## Task description
Could you return the full listing, every line exactly as given?

## Data for the task
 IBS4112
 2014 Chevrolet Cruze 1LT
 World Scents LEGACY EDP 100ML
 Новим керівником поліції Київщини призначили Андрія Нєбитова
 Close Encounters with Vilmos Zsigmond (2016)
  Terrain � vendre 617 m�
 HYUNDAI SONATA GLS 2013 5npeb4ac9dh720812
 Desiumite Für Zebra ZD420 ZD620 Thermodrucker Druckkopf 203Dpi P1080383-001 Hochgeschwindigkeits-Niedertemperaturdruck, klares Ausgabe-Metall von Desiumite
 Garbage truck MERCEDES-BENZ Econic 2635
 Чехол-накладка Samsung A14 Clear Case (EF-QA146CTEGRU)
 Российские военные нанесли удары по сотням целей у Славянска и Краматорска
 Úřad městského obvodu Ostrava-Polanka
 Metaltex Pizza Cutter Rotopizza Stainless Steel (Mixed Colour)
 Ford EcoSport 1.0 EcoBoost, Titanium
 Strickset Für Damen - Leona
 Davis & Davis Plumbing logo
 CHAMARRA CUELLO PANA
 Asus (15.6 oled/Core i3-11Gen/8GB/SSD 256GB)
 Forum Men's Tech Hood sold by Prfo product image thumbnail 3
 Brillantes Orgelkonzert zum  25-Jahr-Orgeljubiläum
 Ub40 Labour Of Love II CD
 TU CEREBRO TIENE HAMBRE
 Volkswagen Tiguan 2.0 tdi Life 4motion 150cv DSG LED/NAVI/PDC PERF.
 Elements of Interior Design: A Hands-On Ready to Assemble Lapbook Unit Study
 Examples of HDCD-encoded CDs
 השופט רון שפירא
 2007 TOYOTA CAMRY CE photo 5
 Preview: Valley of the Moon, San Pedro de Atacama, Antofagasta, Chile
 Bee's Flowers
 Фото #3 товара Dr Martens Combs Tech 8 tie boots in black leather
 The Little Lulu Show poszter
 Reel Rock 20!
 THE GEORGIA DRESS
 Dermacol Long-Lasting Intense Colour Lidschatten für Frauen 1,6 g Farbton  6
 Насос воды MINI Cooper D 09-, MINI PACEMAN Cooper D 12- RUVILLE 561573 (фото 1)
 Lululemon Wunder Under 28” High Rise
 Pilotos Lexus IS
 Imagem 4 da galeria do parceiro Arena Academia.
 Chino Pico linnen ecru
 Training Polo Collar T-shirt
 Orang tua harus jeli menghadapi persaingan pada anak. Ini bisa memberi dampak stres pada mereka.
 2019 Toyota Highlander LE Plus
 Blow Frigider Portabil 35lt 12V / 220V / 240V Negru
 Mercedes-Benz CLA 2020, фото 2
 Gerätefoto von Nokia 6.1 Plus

## Exercise solution
 IBS4112
 2014 Chevrolet Cruze 1LT
 World Scents LEGACY EDP 100ML
 Новим керівником поліції Київщини призначили Андрія Нєбитова
 Close Encounters with Vilmos Zsigmond (2016)
  Terrain � vendre 617 m�
 HYUNDAI SONATA GLS 2013 5npeb4ac9dh720812
 Desiumite Für Zebra ZD420 ZD620 Thermodrucker Druckkopf 203Dpi P1080383-001 Hochgeschwindigkeits-Niedertemperaturdruck, klares Ausgabe-Metall von Desiumite
 Garbage truck MERCEDES-BENZ Econic 2635
 Чехол-накладка Samsung A14 Clear Case (EF-QA146CTEGRU)
 Российские военные нанесли удары по сотням целей у Славянска и Краматорска
 Úřad městského obvodu Ostrava-Polanka
 Metaltex Pizza Cutter Rotopizza Stainless Steel (Mixed Colour)
 Ford EcoSport 1.0 EcoBoost, Titanium
 Strickset Für Damen - Leona
 Davis & Davis Plumbing logo
 CHAMARRA CUELLO PANA
 Asus (15.6 oled/Core i3-11Gen/8GB/SSD 256GB)
 Forum Men's Tech Hood sold by Prfo product image thumbnail 3
 Brillantes Orgelkonzert zum  25-Jahr-Orgeljubiläum
 Ub40 Labour Of Love II CD
 TU CEREBRO TIENE HAMBRE
 Volkswagen Tiguan 2.0 tdi Life 4motion 150cv DSG LED/NAVI/PDC PERF.
 Elements of Interior Design: A Hands-On Ready to Assemble Lapbook Unit Study
 Examples of HDCD-encoded CDs
 השופט רון שפירא
 2007 TOYOTA CAMRY CE photo 5
 Preview: Valley of the Moon, San Pedro de Atacama, Antofagasta, Chile
 Bee's Flowers
 Фото #3 товара Dr Martens Combs Tech 8 tie boots in black leather
 The Little Lulu Show poszter
 Reel Rock 20!
 THE GEORGIA DRESS
 Dermacol Long-Lasting Intense Colour Lidschatten für Frauen 1,6 g Farbton  6
 Насос воды MINI Cooper D 09-, MINI PACEMAN Cooper D 12- RUVILLE 561573 (фото 1)
 Lululemon Wunder Under 28” High Rise
 Pilotos Lexus IS
 Imagem 4 da galeria do parceiro Arena Academia.
 Chino Pico linnen ecru
 Training Polo Collar T-shirt
 Orang tua harus jeli menghadapi persaingan pada anak. Ini bisa memberi dampak stres pada mereka.
 2019 Toyota Highlander LE Plus
 Blow Frigider Portabil 35lt 12V / 220V / 240V Negru
 Mercedes-Benz CLA 2020, фото 2
 Gerätefoto von Nokia 6.1 Plus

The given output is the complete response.